Abigail Farr, Jonathan Mietchen, Bryce Tobin, Trammell Cox, and Michael Millard with Dr. Benjamin Ogles, Psychology
This study sought to investigate the relationship between motives for participating in a marathonand pre-race mood and their separate and combined influence on marathon running performance. Our goal was to determine whether or not performance may be dependent upon specific motivations (motivational clusters as determined by previous cluster analyses of marathon samples completing the motivations questionnaire) and pre-race mood among marathon runners. Our hypothesis was that there is interaction between a marathoner’s affective mood state and their specific motivation for running. Furthermore, it may be possible to discover optimal mood states for individuals with specific motivations
Participants were be asked to complete an online survey, the Motivations of Marathoners Scale (MOMS) and other basic information about past running history, prior to the day of the race. At the race, participants were given the 20 item Positive and Negative Affect Scale (PANAS) to complete. After the conclusion of the race, on their own time, participants took a Qualtric’s survey online. This survey contained questions concerning demographic information as well as participants actual and expected race performance. Using previous cluster analyses of the MOMS, the runners were divided in to cluster groups. Cluster groups were then compared in terms of mood and performance. As has been mentioned, a weakness of this study can be found in the administration of the PANAS. Many individuals took the PANAS pre-race, which was desired. Others took the PANAS post-race via Qualtrics survey software. Thirty-one individuals took the PANAS pre-race and post-race. To ensure validity of the measure, a Pearson Bivariate Correlation was conducted. The pre-race and post-race positive scale correlation was 0.90 (p<0.01) and the pre-race and post-race negative scale correlation was 0.85 (p<.01). This gives support to the notion that although the PANAS was administered twice, it was still a reliable measure and the results may still be valid.

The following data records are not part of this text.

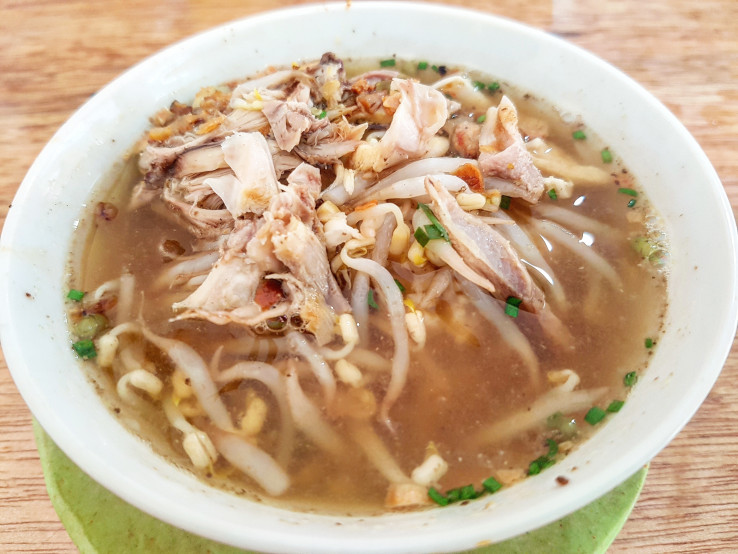 2. Pasar Modern Bintaro: Soto Kudus Bu Jarwo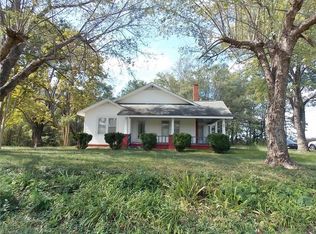 486 Simpson Rd, Mount Airy, NC 27030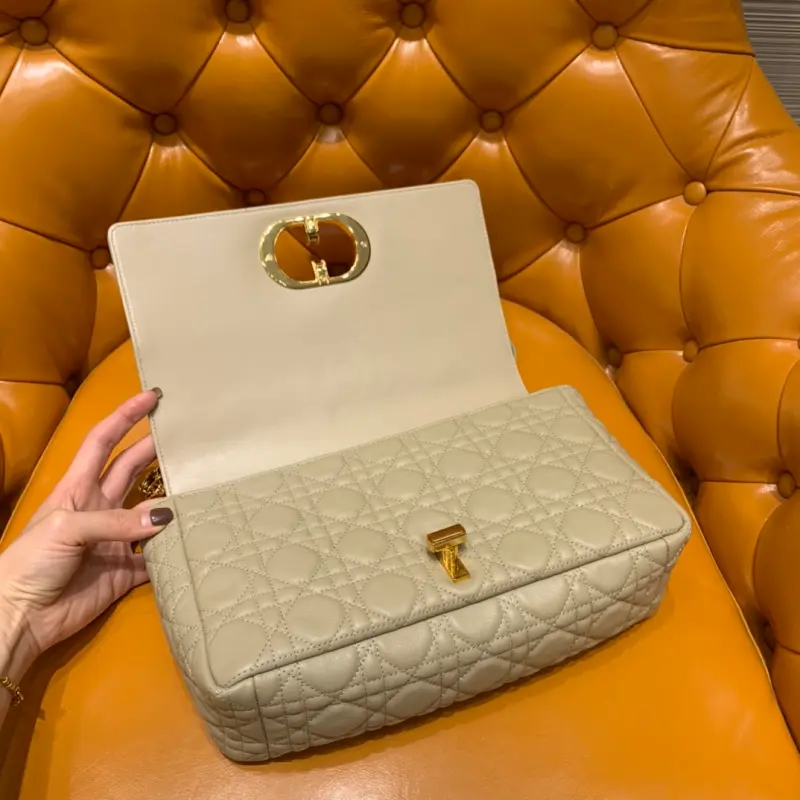 ML126 High Quality Bags - Image 5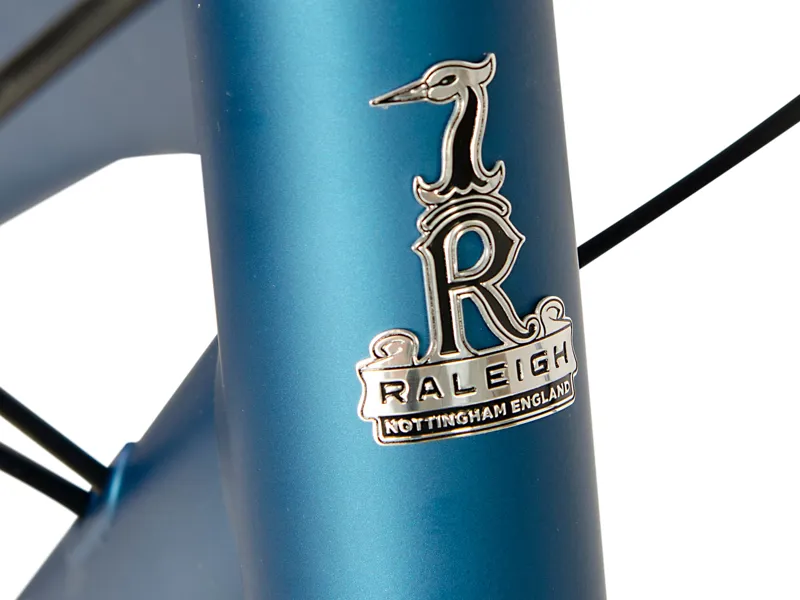 Raleigh Strada City Womens Hybrid Bike 2024 in Blue-2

After conducting a Pearson Bivariate Correlation of affect (positive and negative) and the nine scales of the MOMS, there were a number of significant correlations. Positive affect was correlated with the self-esteem motivational scale (r=0.33, p<0.01), health orientation motivational scale (r=0.38, p<0.01), personal goal achievement motivational scale (r=0.39, p<0.01), coping motivational scale (r=0.36, p<0.01), and life meaning motivational scale (r=0.32, p<0.01). Negative affect was correlated with the self-esteem motivational scale (r=0.30, p<0.05), and the recognition motivational scale (r=0.27, p<0.05). After conducting a cluster analysis of the MOMS, five clusters were identified, just as they had been in the original MOMS study. Clusters three and five however had a very small number of individuals (n=4, n=8) and thus they were combined with other clusters. After this combination, there were a total of three clusters remaining. There were no significant differences between cluster types in regard to positive and negative affect. This is to say that no individual cluster was significantly more or less positive or more or less negative than any other cluster group.

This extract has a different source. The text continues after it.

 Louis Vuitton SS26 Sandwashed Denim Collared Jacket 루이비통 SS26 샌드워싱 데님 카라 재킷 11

In the attempt to predict a marathoner’s finish time, there were two variables that could predict after we had controlled for race distance (marathon or half-marathon), and sex. The personal goal achievement scale on the MOMS was a significant predictor of finish time (p<0.05). This motivational scale consists of items regarding improving running speed, competing with oneself, pushing oneself, beating a certain time, and trying to run faster (Ogles & Masters, 2003). This predictor did however become insignificant when miles run per week during training was taken into account. This variable then became the significant predictor of finish time (p<0.05) and the p value of personal goal achievement scale was no longer significant (p>0.05). This could be due to the covariance between the personal goal achievement motivational scale and miles run per week during training. After conducting a Pearson Bivariate Correlation, the two variables did covary significantly (r=0.28, p<0.05).

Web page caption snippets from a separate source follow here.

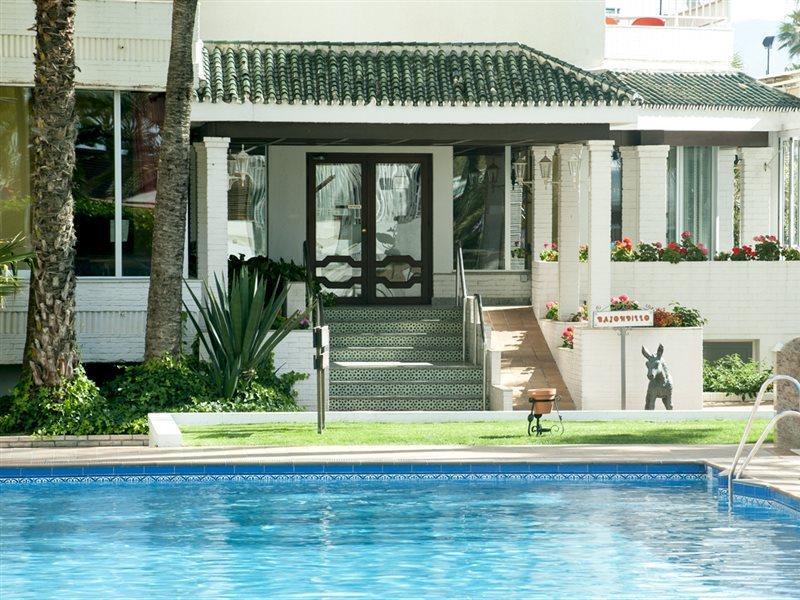 Hotel Apartamentos Bajondillo 토레몰리노스 외부 사진 The house where the first meeting of the group was held.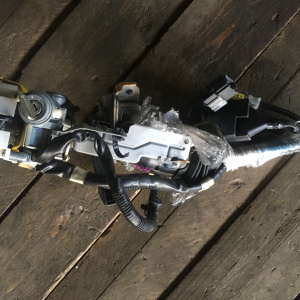 Колонка рулевая TOYOTA Dyna XZU304 +руль(airbag)+замок зажигания+переключатели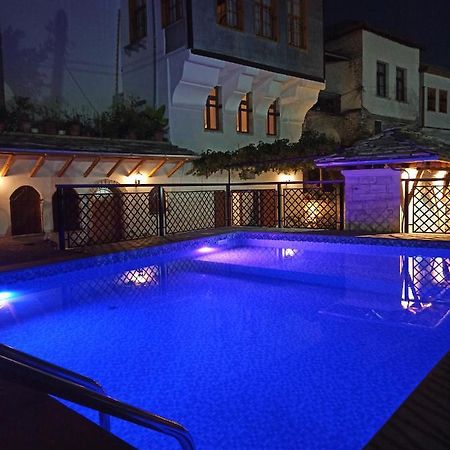 Hotel Praga Gjirokaster Bagian luar foto
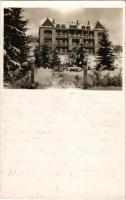 1933 Tátrafüred, Ótátrafüred, Altschmecks, Stary Smokovec (Magas-Tátra, Vysoké Tatry); szálloda télen / hotel in winter. photo (EK)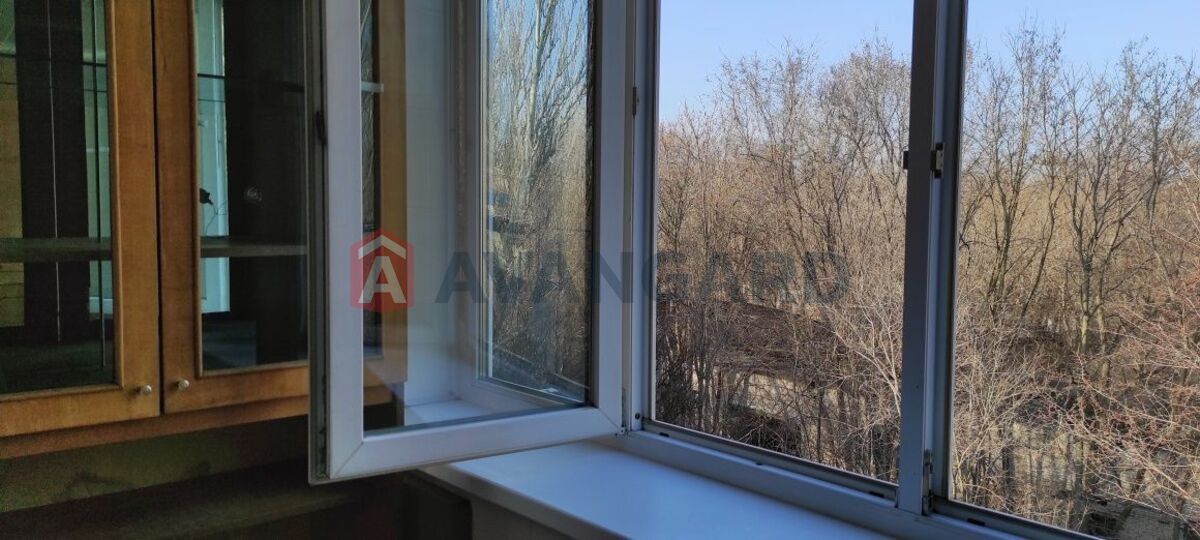 1 ��. ��������, 30/-/6 ��. �., 5/5 ������ ���� 3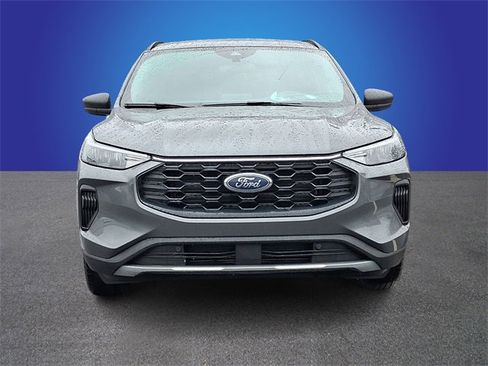 Used 2025 Ford Escape ST-Line image 2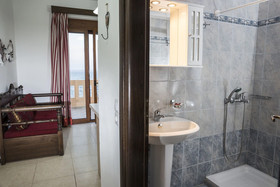 Porto Kalyves Hotel Seaside Apartments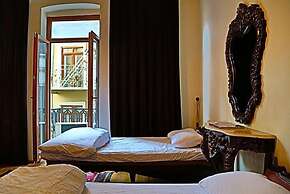 Chambers Of The Boheme - Hostel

Participants with positive pre-race affect were correlated with self-esteem, health orientation, personal goal achievement, coping, and life meaning. Participants with negative pre-race affect were correlated with self-esteem and recognition. Despite several pre-race questionnaires being distributed after the race, reliability and validity remained intact. Personal goal achievement could predict race time alone but when miles run during training was taken into account it was the only predictor of race time. However, both co-vary so as an individuals personal goal achievement increased, it is likely that their miles run per week during training also increased. There were no differences between cluster groups in affect and mood could not predict race time for individual clusters.